Qu’ont fait les entreprises de marquage ou de repérage pour s’adapter aux nouvelles technologies automobiles ? Rien, avancent plusieurs représentants de ces compagnies, avec raison à l’appui.
« Si nous numérisons nos dispositifs, les voleurs trouveront le moyen de les déjouer. Ce n’est pas ce que l’on veut », dit M. Marcantonio.
M. Collard partage sa réflexion. « La beauté derrière le marquage, c’est que c’est permanent. Son efficacité continue d’être prouvée. »
Lorsqu’un voleur vole un véhicule, son intention est de déparer le véhicule de son identité pour finalement l’exporter, le démanteler ou le maquiller, affirme Anne-Marie Jodoin, présidente de Sherlock. « Que la voiture soit intelligente ou non, l’intention du malfaiteur ne change pas. Ce qui va changer c’est la méthode qu’il utilisera pour la voler. »
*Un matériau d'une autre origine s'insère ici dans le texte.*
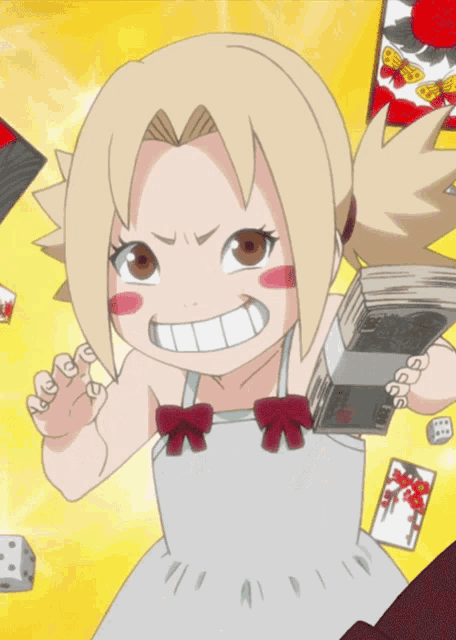a girl in a white dress holds a stack of money in her hand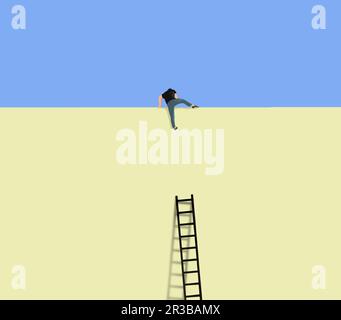 Illustration of man climbing over tall wall Stock Photo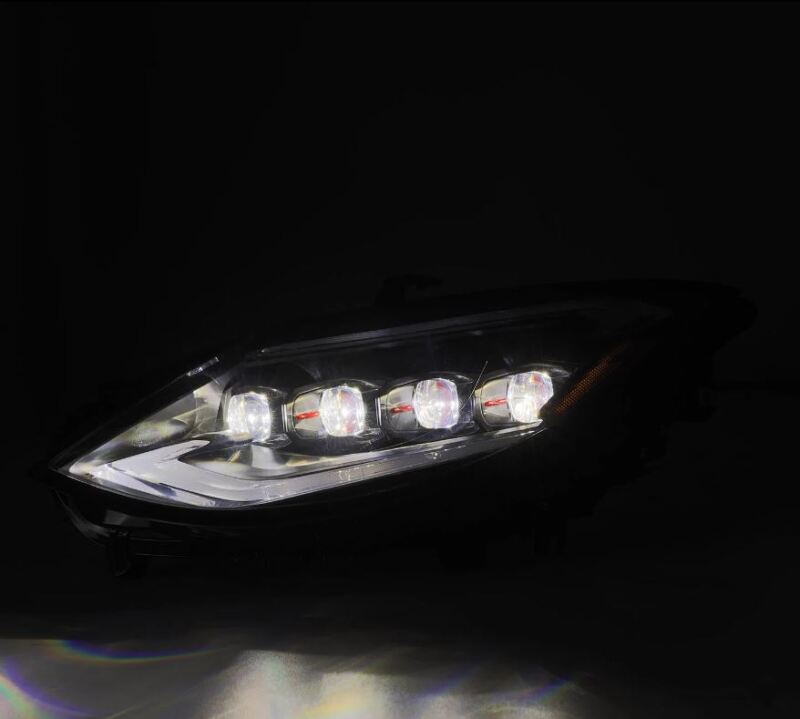 AlphaRex NOVA-Series LED projector headlights for 2023-2024 Nissan Z in black with activation light and sequential signals.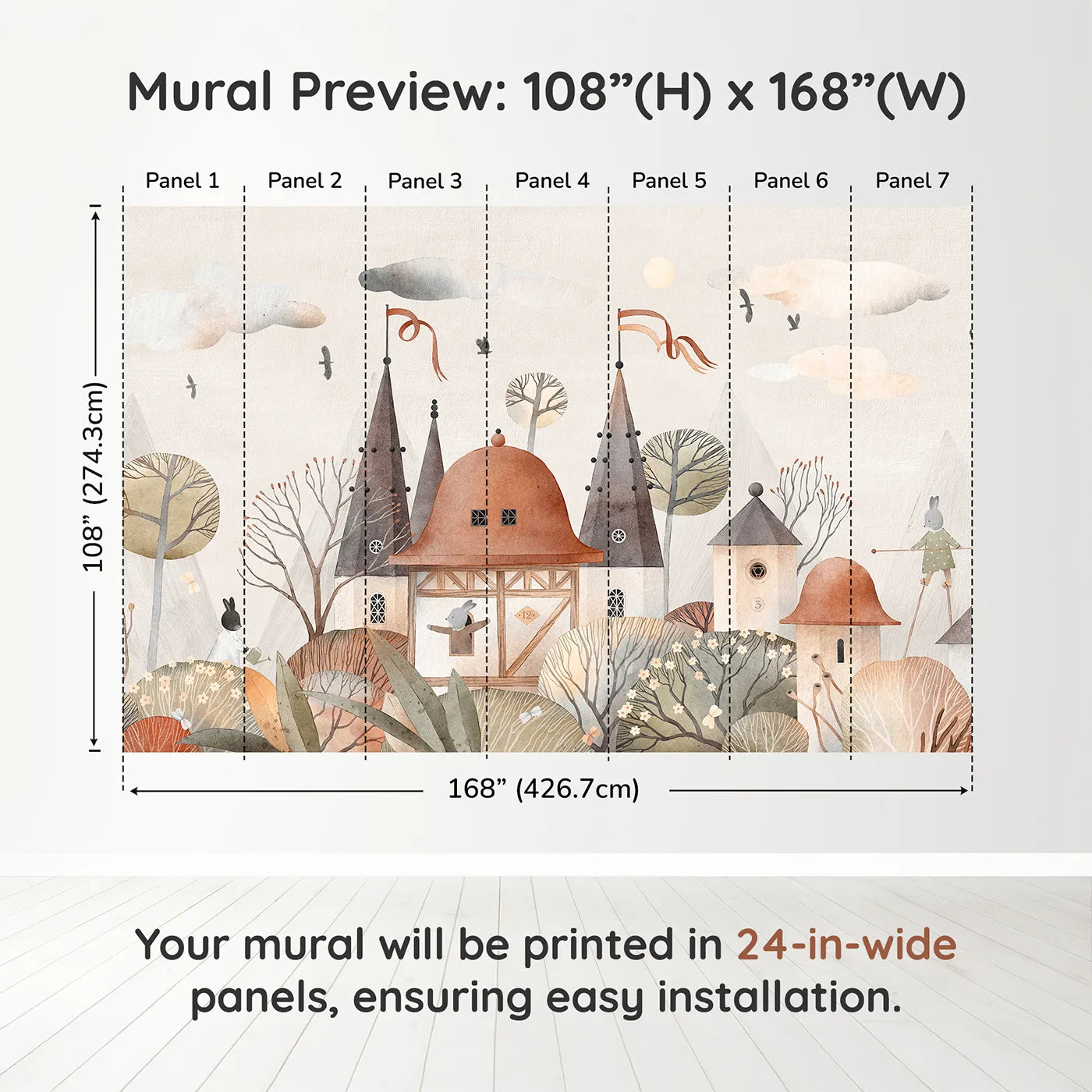 Whimsy Tots Medieval Rabbit Town Wall Muraldimension view (108" H x 168" W). Printed in seven 24-inch-wide panels. Gender-Neutral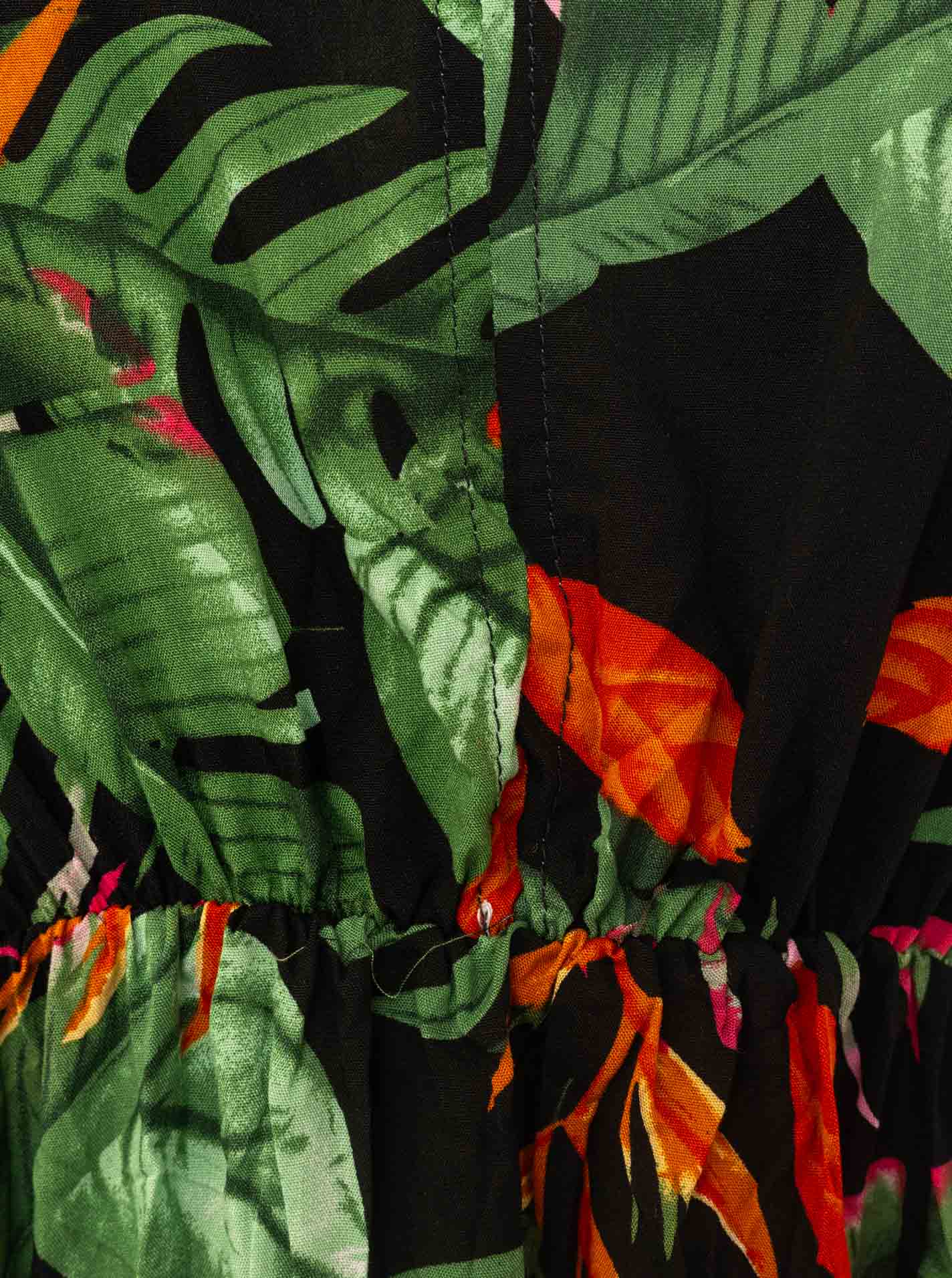 Zwillingsherz Maxikleid Viskose "Dschungel" Schwarz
D’ailleurs, le nombre de vols auto continue de diminuer au Québec, ce qui s’inscrit dans la tendance des dix dernières années. Le Groupement des assureurs automobiles (GAA) a dévoilé qu’en 2015, le taux de vol se situait à 0,12 %, comparativement à 0,45 % en 2005.
« La baisse des taux de vols est attribuable aux assureurs qui ont dit “ça suffit !” il y a dix ans et qui ont exigé que les consommateurs fassent marquer leur voiture. Il est important que les assureurs continuent d’exiger cette mesure antivol même si on remarque qu’il y a eu des progrès, » conclut M. Collard.